This repository contains our implementation of the NOMOS specification language and its application to testing and re-training of ML models. This language and our testing framework are introduced in our IJCAI 2023 paper titled as "Specifying and Testing k-Safety Properties for Machine-Learning Models".
The NOMOS grammar is presented in the Nomos.g4
file of the main directory. We use ANTLR4 for parsing the grammar and the language semantics are implemeted in lang/MyNomosVisitor.py
. The parser, lexer and other necessary files have to be created using the following command:
antlr4 -Dlanguage=Python3 Nomos.g4 -visitor -o lang
This requires an ANTLR4 installation, including its python-runtime. The above command will generate the parser, lexer and other necessary files under the lang
folder. main.py
translates a NOMOS specification into Python3 code, namely the test harness. The following command illustrates how to translate a specification file:
python3 main.py <path_to_spec_file>
<benchmark_name>
refers to the name of the benchmark that the ML model is traind on. A folder with this name must exist in the main directory and it should contain a file named helper.py
; this file needs to provide necessary functions for testing the specification such as loading the model and loading inputs. See compas/helper.py
for an example. <path_to_spec_file>
refers to the path to the specification file. Check the following section to see where to find the specifications tested in the paper.

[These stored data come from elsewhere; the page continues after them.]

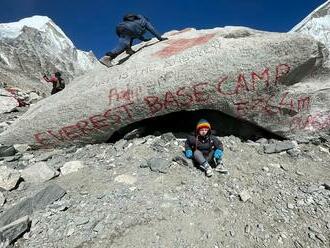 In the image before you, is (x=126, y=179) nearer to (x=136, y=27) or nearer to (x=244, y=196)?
(x=244, y=196)

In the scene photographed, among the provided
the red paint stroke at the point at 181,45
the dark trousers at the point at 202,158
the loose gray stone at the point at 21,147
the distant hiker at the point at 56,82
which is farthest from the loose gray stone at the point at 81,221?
the distant hiker at the point at 56,82

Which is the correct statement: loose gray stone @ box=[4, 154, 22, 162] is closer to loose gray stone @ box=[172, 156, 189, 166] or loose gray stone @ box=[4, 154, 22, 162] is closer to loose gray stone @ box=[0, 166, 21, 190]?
loose gray stone @ box=[0, 166, 21, 190]

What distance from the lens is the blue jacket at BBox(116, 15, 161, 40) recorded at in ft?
28.0

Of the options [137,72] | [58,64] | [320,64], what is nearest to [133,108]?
[137,72]

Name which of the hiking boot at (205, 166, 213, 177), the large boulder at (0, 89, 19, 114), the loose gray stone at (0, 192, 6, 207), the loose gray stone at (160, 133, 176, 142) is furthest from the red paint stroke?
the large boulder at (0, 89, 19, 114)

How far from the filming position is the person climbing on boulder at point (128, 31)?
8.52 metres

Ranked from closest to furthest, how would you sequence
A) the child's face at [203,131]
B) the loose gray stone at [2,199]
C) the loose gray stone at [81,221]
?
the loose gray stone at [81,221]
the loose gray stone at [2,199]
the child's face at [203,131]

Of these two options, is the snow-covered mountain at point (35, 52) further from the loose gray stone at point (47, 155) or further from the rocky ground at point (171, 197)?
the rocky ground at point (171, 197)

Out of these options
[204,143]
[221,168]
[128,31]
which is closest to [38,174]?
[204,143]

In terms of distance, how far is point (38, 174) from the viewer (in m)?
6.30

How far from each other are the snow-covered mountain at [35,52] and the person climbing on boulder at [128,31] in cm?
2218

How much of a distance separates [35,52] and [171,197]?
1216 inches

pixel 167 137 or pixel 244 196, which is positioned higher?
pixel 167 137

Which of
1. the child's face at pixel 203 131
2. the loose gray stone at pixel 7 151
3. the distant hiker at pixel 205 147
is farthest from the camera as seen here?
the loose gray stone at pixel 7 151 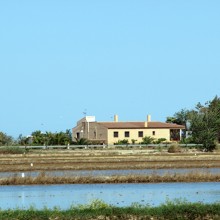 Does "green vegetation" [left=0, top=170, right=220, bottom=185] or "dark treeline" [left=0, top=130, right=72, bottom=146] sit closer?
"green vegetation" [left=0, top=170, right=220, bottom=185]

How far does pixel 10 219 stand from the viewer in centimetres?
1969

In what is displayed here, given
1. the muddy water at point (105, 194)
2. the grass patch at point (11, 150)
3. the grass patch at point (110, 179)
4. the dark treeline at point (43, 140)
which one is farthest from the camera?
the dark treeline at point (43, 140)

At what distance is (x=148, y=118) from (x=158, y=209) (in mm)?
86598

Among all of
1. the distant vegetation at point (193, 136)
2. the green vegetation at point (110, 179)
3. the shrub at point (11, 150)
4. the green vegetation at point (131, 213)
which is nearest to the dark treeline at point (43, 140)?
the distant vegetation at point (193, 136)

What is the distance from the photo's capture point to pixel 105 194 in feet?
95.3

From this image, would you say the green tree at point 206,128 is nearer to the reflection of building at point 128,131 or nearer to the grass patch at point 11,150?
the reflection of building at point 128,131

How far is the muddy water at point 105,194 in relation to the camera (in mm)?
26078

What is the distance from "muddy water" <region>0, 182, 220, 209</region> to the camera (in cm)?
2608

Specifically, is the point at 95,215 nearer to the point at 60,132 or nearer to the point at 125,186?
the point at 125,186

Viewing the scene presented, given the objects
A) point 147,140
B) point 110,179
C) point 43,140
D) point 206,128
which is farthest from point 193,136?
point 110,179

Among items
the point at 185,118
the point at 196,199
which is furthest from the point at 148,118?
the point at 196,199

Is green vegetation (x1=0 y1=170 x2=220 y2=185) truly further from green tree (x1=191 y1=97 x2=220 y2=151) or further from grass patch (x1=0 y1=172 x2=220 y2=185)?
green tree (x1=191 y1=97 x2=220 y2=151)

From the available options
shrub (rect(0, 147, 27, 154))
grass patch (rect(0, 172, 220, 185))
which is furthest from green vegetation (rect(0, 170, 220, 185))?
shrub (rect(0, 147, 27, 154))

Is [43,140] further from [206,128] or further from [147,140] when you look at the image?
[206,128] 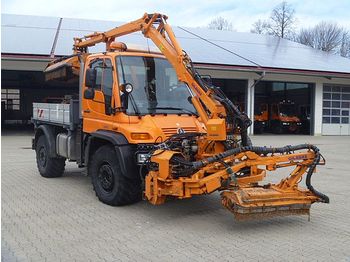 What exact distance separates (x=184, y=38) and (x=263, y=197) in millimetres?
22714

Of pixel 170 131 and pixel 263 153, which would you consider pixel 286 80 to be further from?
pixel 263 153

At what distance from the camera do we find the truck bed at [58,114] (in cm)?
830

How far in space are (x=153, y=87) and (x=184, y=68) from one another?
754 millimetres

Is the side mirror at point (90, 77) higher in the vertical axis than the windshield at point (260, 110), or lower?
higher

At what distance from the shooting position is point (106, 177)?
702cm

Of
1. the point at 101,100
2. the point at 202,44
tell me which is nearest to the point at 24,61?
the point at 202,44

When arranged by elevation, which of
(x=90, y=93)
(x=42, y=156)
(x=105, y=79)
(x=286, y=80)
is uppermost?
(x=286, y=80)

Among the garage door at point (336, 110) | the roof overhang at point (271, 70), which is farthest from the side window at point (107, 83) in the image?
the garage door at point (336, 110)

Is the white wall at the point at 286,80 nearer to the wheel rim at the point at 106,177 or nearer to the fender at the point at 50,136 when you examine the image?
the fender at the point at 50,136

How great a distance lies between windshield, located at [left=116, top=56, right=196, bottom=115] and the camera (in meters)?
6.92

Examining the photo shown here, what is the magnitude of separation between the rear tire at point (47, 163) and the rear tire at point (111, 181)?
262 centimetres

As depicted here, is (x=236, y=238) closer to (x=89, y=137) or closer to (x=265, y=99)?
(x=89, y=137)

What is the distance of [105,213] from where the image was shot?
6539mm

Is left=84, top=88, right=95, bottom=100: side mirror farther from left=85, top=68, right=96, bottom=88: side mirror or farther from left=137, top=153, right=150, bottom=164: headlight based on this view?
left=137, top=153, right=150, bottom=164: headlight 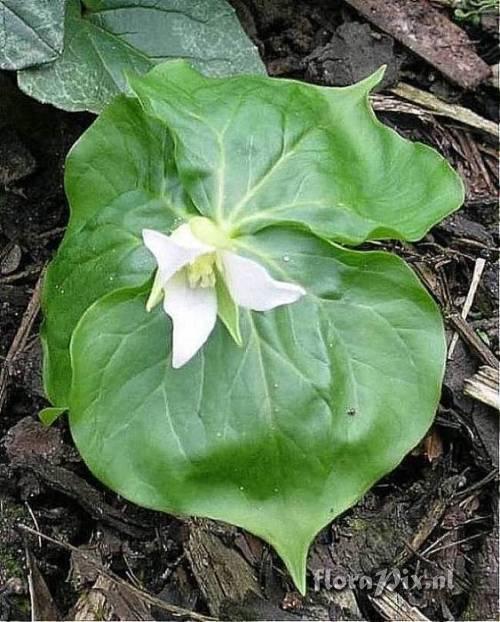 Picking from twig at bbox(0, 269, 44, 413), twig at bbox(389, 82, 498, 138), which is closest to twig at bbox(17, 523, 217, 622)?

Upon successful execution of the above command a python file should be created und <benchmark_name>/harness_<spec_name>.py
, where <spec_name>
is the specification file name without the .nom
file extension. See compas/harness_felony_inc.py
for an example. We describe how to test the model below.
This repository also contains all NOMOS specifications that we used to test models in the above paper. The specification files can be found in the following directories:
compas/specs/*.nom
german_credit/specs/*.nom
mnist/specs/*.nom
speech_command/specs/*.nom
hotel_review/specs/*.nom
lunar/specs/*.nom
The created test harness is used to check if the specification holds for a given ML model. A harness takes three inputs from the user:
- a random seed: an integer to seed the random number generator
- the path to the model: the path of the model file that will be loaded by
helper.py
- the test budget (i.e., the number of inputs for which the postcondition should be checked)

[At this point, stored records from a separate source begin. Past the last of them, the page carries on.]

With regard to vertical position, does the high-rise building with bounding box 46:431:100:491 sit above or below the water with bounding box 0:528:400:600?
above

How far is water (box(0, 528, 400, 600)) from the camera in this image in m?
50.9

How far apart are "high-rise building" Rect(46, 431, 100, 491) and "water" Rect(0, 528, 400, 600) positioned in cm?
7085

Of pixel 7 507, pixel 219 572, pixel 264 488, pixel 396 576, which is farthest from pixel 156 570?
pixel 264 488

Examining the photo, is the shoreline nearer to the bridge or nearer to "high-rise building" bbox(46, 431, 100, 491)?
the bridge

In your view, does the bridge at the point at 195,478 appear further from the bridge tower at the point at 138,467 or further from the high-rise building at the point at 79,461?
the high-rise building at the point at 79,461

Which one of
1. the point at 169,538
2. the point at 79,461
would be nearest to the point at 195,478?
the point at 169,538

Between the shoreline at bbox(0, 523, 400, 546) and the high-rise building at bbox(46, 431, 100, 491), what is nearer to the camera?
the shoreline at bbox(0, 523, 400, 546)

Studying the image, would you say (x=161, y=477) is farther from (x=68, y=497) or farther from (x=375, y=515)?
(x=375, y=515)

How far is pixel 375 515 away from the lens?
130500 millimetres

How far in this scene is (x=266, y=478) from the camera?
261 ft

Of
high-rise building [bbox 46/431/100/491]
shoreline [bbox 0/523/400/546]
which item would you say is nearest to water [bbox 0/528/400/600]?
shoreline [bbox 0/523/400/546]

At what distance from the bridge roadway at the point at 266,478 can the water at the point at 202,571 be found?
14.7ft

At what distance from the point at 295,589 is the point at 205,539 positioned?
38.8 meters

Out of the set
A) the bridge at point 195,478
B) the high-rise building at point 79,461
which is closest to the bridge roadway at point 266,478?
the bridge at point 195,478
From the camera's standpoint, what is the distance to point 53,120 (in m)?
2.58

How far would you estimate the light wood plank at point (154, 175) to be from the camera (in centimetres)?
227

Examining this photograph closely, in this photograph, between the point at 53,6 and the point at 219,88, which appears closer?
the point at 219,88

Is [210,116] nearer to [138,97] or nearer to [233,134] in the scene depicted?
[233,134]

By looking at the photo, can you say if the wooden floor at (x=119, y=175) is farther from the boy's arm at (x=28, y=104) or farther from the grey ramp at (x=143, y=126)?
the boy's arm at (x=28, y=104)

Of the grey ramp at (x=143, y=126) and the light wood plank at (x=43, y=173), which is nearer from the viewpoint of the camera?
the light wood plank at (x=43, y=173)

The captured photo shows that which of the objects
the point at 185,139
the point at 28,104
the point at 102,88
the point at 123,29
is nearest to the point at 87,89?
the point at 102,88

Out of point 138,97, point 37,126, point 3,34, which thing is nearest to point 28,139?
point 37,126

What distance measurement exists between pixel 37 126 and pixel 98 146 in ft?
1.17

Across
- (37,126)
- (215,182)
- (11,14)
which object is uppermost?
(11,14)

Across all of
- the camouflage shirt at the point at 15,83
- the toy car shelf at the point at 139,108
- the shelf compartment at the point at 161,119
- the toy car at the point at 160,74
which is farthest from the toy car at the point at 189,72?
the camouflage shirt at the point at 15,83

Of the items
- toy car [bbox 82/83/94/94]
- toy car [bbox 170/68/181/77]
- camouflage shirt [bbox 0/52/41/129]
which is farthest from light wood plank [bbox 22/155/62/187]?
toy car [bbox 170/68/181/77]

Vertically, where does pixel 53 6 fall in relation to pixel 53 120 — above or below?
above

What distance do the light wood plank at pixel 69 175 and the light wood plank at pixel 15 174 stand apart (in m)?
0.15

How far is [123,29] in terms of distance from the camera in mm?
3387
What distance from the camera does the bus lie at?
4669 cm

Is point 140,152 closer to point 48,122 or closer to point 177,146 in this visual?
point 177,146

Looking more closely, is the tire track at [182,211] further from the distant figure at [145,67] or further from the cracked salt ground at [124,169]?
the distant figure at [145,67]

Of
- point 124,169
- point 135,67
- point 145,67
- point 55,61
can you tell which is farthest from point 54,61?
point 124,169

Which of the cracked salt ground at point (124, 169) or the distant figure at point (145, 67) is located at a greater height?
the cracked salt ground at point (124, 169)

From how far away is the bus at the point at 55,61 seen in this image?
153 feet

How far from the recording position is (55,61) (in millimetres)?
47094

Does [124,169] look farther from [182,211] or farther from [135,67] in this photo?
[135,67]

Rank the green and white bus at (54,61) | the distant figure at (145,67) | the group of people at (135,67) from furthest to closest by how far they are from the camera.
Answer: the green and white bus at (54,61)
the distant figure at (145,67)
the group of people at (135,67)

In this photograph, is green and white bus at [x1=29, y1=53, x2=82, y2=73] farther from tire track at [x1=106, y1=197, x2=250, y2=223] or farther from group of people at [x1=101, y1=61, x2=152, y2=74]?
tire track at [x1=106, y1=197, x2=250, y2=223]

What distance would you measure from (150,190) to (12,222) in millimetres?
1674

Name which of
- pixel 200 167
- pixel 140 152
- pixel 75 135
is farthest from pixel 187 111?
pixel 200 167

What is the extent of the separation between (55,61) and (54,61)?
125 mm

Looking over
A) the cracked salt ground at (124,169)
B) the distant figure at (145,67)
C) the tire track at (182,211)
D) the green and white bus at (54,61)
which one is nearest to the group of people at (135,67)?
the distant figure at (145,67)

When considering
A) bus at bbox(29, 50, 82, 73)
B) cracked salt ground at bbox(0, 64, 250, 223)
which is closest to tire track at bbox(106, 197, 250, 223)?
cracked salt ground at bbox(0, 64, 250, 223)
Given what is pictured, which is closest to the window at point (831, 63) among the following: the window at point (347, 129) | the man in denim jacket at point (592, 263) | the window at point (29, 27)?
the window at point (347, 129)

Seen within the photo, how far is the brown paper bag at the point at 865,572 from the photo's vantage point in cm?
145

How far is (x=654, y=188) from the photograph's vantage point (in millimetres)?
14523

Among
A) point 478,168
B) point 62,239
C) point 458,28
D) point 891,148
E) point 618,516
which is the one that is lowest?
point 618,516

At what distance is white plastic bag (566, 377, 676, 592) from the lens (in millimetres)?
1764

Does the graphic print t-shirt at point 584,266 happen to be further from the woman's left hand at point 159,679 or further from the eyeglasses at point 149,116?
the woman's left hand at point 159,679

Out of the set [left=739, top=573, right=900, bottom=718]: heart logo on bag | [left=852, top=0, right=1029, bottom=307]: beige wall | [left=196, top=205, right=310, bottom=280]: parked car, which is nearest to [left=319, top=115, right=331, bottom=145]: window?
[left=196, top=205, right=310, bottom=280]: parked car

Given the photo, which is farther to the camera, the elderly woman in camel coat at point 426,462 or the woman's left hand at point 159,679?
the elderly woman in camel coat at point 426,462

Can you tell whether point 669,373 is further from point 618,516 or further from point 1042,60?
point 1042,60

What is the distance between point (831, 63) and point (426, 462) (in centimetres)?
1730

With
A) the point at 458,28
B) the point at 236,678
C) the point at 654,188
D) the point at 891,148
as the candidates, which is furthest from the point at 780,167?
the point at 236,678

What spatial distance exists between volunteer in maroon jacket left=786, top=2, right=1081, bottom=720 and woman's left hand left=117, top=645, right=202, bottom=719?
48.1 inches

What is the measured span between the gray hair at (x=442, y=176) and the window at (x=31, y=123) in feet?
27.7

For example, the following command runs the test harness compas.harness_felony_inc
for our Compas model compas/compas_dt_model.p
with random seed 42 and budget 5000:
python3 -m compas.harness_felony_inc 42 compas/compas_dt_model.p 5000
Upon successful execution, a summary of the testing campaign is printed to the standard output.

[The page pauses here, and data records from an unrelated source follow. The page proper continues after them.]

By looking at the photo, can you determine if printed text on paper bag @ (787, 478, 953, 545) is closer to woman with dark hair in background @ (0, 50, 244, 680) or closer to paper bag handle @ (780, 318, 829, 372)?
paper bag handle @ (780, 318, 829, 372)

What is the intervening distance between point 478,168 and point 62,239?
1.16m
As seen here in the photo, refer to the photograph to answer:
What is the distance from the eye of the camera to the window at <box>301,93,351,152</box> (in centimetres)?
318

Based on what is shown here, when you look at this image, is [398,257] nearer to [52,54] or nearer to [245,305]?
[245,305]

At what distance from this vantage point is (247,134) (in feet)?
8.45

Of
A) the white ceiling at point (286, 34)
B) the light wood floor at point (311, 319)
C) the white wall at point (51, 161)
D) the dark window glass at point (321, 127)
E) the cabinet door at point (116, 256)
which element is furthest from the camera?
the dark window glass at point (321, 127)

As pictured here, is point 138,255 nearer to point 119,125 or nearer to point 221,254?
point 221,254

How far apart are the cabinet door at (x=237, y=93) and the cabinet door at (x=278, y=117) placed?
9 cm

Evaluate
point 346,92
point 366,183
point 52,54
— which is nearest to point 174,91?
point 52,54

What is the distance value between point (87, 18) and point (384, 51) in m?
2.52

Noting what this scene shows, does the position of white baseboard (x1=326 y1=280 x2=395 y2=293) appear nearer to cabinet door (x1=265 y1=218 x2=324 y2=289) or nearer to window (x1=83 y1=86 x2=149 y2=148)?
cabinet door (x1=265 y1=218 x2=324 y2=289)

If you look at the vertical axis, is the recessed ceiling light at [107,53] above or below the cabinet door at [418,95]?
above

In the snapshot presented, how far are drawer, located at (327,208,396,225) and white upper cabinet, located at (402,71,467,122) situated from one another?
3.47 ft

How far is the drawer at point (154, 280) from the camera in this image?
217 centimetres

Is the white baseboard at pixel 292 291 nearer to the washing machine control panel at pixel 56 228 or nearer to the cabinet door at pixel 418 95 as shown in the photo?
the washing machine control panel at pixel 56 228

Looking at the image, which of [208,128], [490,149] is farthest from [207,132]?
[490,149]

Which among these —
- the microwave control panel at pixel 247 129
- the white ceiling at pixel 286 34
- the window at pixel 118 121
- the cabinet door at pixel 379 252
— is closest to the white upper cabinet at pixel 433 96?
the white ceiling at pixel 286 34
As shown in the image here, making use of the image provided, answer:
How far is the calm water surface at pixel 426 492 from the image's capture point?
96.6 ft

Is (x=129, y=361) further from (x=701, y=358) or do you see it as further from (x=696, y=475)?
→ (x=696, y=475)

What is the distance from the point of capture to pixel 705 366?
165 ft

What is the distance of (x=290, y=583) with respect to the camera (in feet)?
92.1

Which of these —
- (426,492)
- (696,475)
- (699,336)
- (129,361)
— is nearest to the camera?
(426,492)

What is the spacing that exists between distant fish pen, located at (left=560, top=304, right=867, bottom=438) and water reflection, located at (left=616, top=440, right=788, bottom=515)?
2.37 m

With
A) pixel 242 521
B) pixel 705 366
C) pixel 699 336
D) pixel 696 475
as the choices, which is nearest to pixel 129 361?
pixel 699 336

For our feasibility study, we devise a new /guided/ RL training scheme (by extending standard PPO training) where we incorporate the states on which we identify bugs in the current or past policies. Our guided training algorithm can be started using the following command:
python3 -m lunar.train_agents <timesteps> guided <rand_seed>
<timesteps>
is (usually) a large integer such as 1 million and <rand_seed>
is an integer to seed the random number generator that is used for training.